German lawmakers flexed their muscles to secure a full parliamentary vote Wednesday on euro zone crisis measures negotiated by Chancellor Angela Merkel and her euro zone peers, a move senior politicians said would give Merkel a stronger mandate.

The new vote comes just one month after Germany's Bundestag (lower of house of parliament) approved greater powers for the euro zone rescue fund, and should pass without problems, but it risks delaying Europe's response to the debt crisis at a crucial juncture.

Merkel cannot agree to changes to the 440 billion euro European Financial Stability Facility (EFSF) without approval at least from the Bundestag's budget committee, as a result of a constitutional court decision last month.

However, Merkel's Christian Democrats' (CDU) floor leader Volker Kauder demanded a full debate and vote by the German Bundestag (lower house of parliament) rather than just a vote by the 41-member budget committee, which might have been quicker and less risky while still meeting new rules on consulting MPs.

On such important questions it's good if parliament gives the chancellor broad backing for her negotiations, said Kauder regarding the vote due early Wednesday, before Merkel returns to Brussels for a second, decisive euro summit.

Major opposition parties the Social Democrats (SPD) and the Greens welcomed the vote, and indicated they would back proposals aimed at countering the debt crisis. But they stopped short of confirming they would vote yes, saying they needed to see documents detailing the proposals first.

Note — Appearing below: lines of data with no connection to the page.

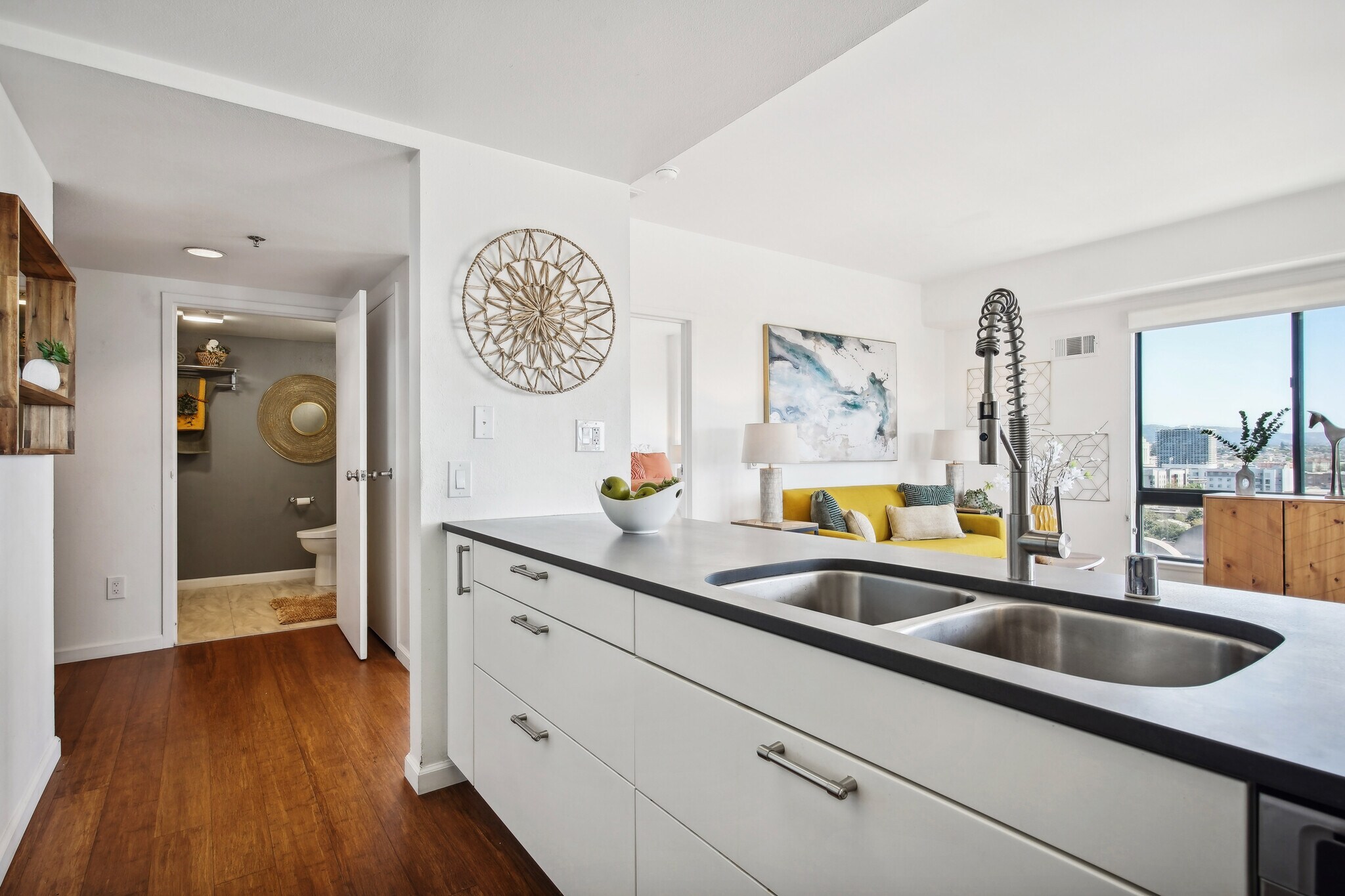 Kitchen - 988 Franklin St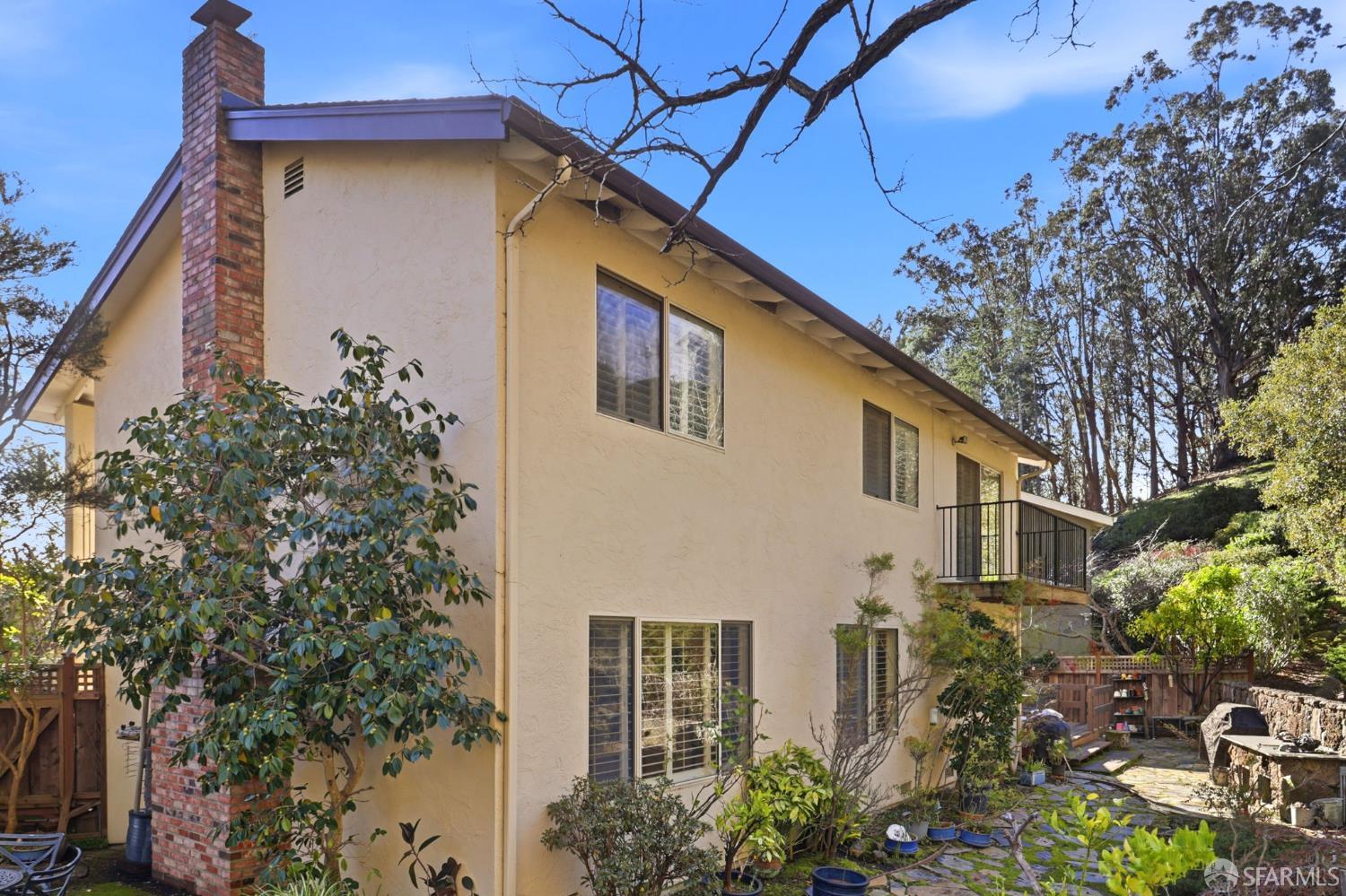 Detail Gallery Image 38 of 44 For 124 Csm Dr, San Mateo,  CA 94402 - 4 Beds | 2/1 Baths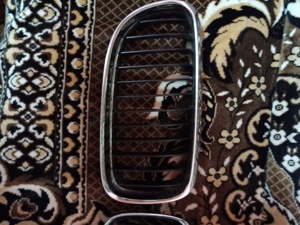 Ornament grilă capotă  - imagine 3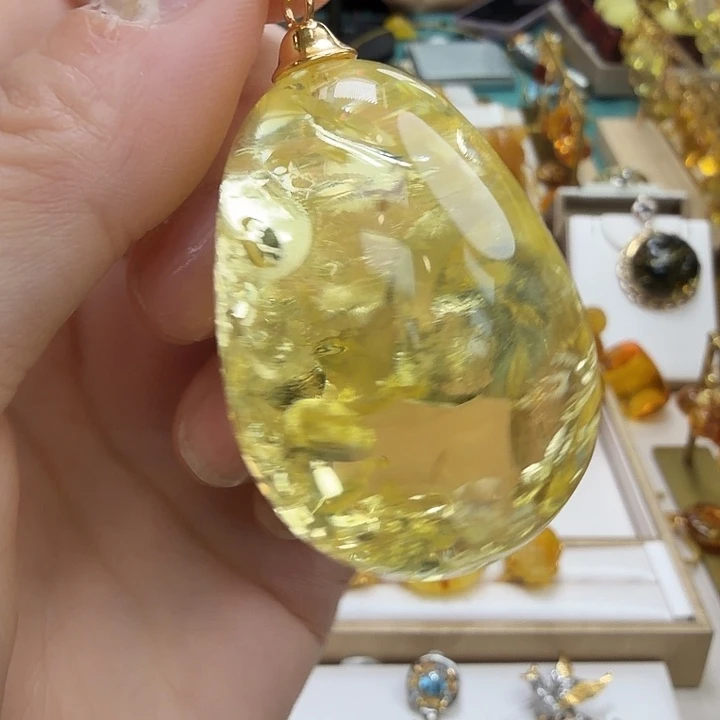 琥珀未镶嵌珠宝奇石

With criticism ringing in Germany's ears from the head of the Eurogroup of single currency members, Jean-Claude Juncker, about it being slow to make decisions, Merkel met the heads of the main parties to seek consensus.

Juergen Trittin, parliamentary co-leader of the opposition Greens, said Merkel had told them the haircut for Greece would be above 50 and below 60 percent and that leveraging of the European Financial Stability Facility (EFSF) could be above 1 trillion euros.

Merkel will address parliament before the vote and before returning to Brussels for what should be a more decisive summit on boosting the firepower of the EFSF, raising the contribution of private banks to Greece's rescue, and getting European banks to increase their own capital to prevent contagion.

Frank-Walter Steinmeier, head of the SPD parliamentary group criticized the fact that lawmakers were still waiting to see full proposals.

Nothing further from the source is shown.